Genealogical researchers of Low German Mennonite ancestry will want to become familiar with the GRANDMA database. The GRANDMA database is a genealogical database of people whose Mennonite ancestors originally came from West Prussia and/or Russia.
GRANDMA stands for "Genealogical Registry ANd Database of Mennonite Ancestry."
The GRANDMA database is a compilation of the contributions of genealogical information from dozens of Mennonite researchers in which the data has been merged together to create one unified database. The first version of the GRANDMA database was released in 1996 on a compact disk holding information about 135,482 people as GRANDMA Volume 1 and since then the database has continued to grow rapidly. When the third version of the GRANDMA database is released on compact disk as GRANDMA 3.0 this spring it will contain about 400,000 people of Low German ancestry. In addition to the GRANDMA database, each GRANDMA compact disk also holds scanned images of material such as maps, Mennonite church records, or census records and a database of Mennonite immigrants to the United States.
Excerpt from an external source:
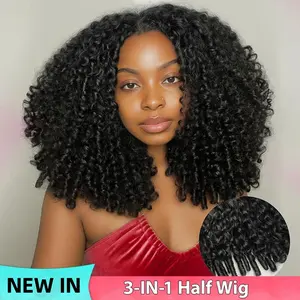 【New In】Lemoda Half Wig Human Hair Burmese Curly Wig for Women 200 Density 3 In 1 Seamless Flip Over Half Wigs Beginner Friendly Glueless Wigs Human Hair with Spiral End Natural Color summerwins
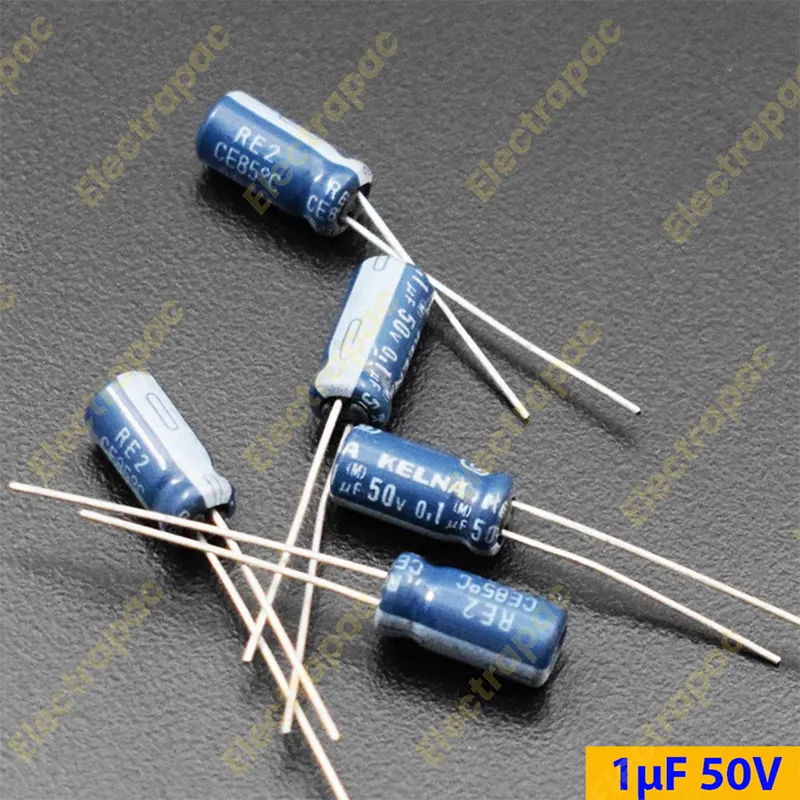 1uF 50V Radial Electrolytic Capacitor – High-Reliability Electronic Component (Pack of 5pcs) - Gallery 1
For example, GRANDMA Volume 2 includes scanned images of the census records from Benjamin H. Unruh's book, Die niederländisch-niederdeutschen Hintergründe der mennonitischen Ostwanderungen im 16., 18. und 19. Jahrhundert.
The GRANDMA Project is organized by the Genealogical Project Committee of the California Mennonite Historical Society in Fresno, California. An index to the GRANDMA database is available online at the Odessa Library web site. There are plans to have an up-to-date version of the GRANDMA database omitting currently living people available online in the near future. The California Mennonite Historical Society is seeking additional Mennonite genealogical material to add to GRANDMA and is also interested in correcting errors that researchers discover in the database.
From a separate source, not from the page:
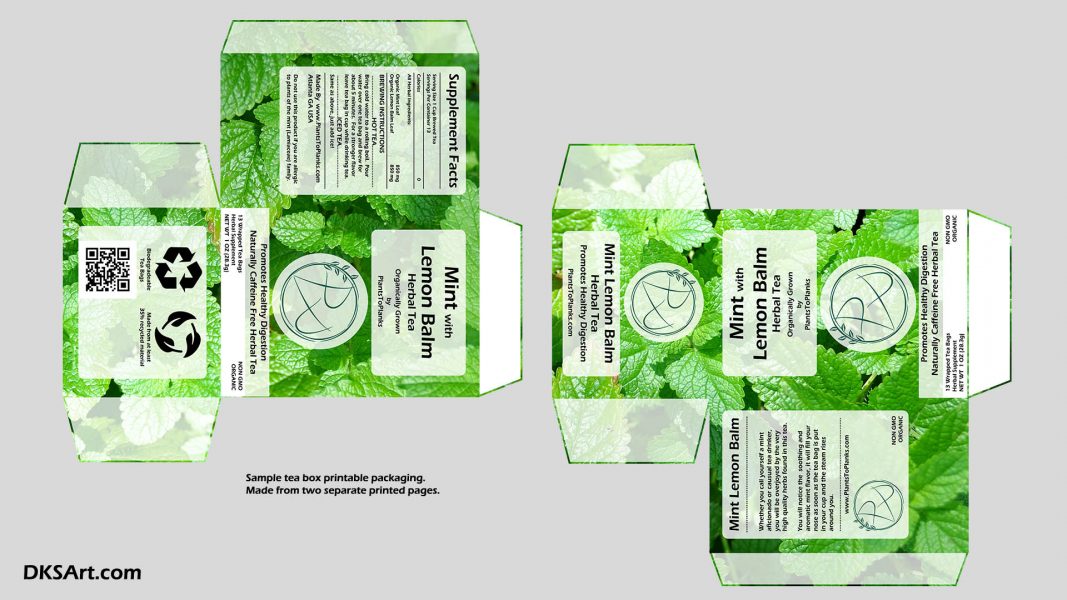 Rectangular Mint Tea Box Printable Gift Package Design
People doing research on Mennonites of Swiss/South German ancestry will be interested in the OMII Project. OMII stands for "Ohio, Michigan, Indiana, and Illinois". This genealogy research group has pooled together 52 different databases totaling over 1.3 million people. The databases have not yet been merged into one unified database, however. The largest databases are the Kidron database which currently contains 319,750 individuals and James Hostetler's database which contains 227,317 individuals. These may be searched online at the OMII Project web site.
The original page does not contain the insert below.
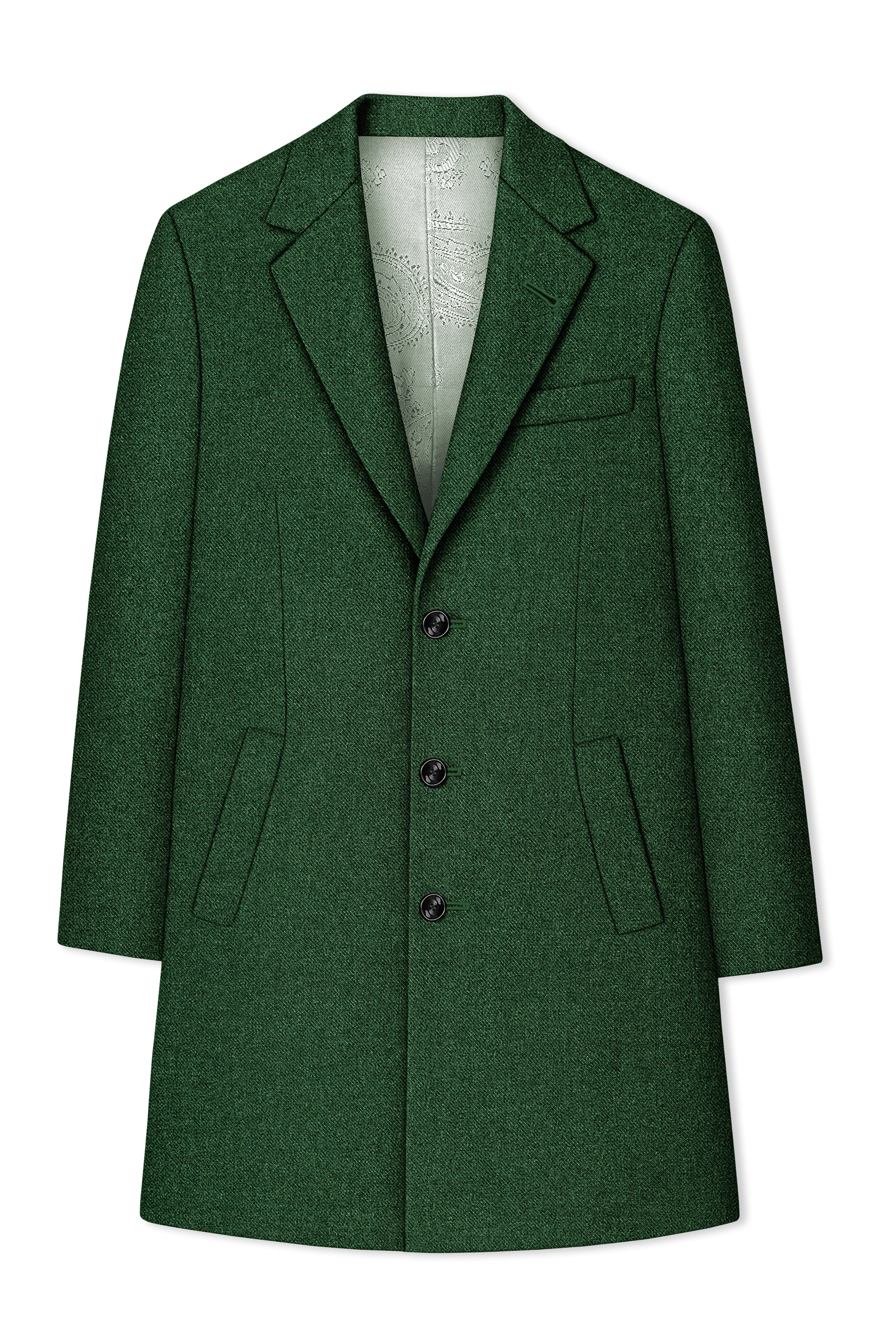 Virenza-Mystle Green Textured Tweed Single Breasted Overcoat With Pant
Databases such as GRANDMA and those under the OMII umbrella are quite valuable for genealogical researchers as they have made it possible to have access to early records and information that previously was more difficult to obtain. These databases will no doubt continue to grow and become more refined in the future as more genealogists contribute data.
At present, we are no doubt seeing just a small portion of the Mennonite-related material that will eventually become available for viewing via the Internet. Robert Kreider laid out his vision of some of the possibilities for future online research in the last issue of Mennonite Life. I endorse many of his suggestions. I believe it would be especially valuable to provide online access to large collections of electronically scanned material taken from sources currently housed in the various Mennonite archives. Collections of material such as this would give researchers easier access to little known sources and would facilitate their research. I hope we can work together to bring more and more of this material online in the future.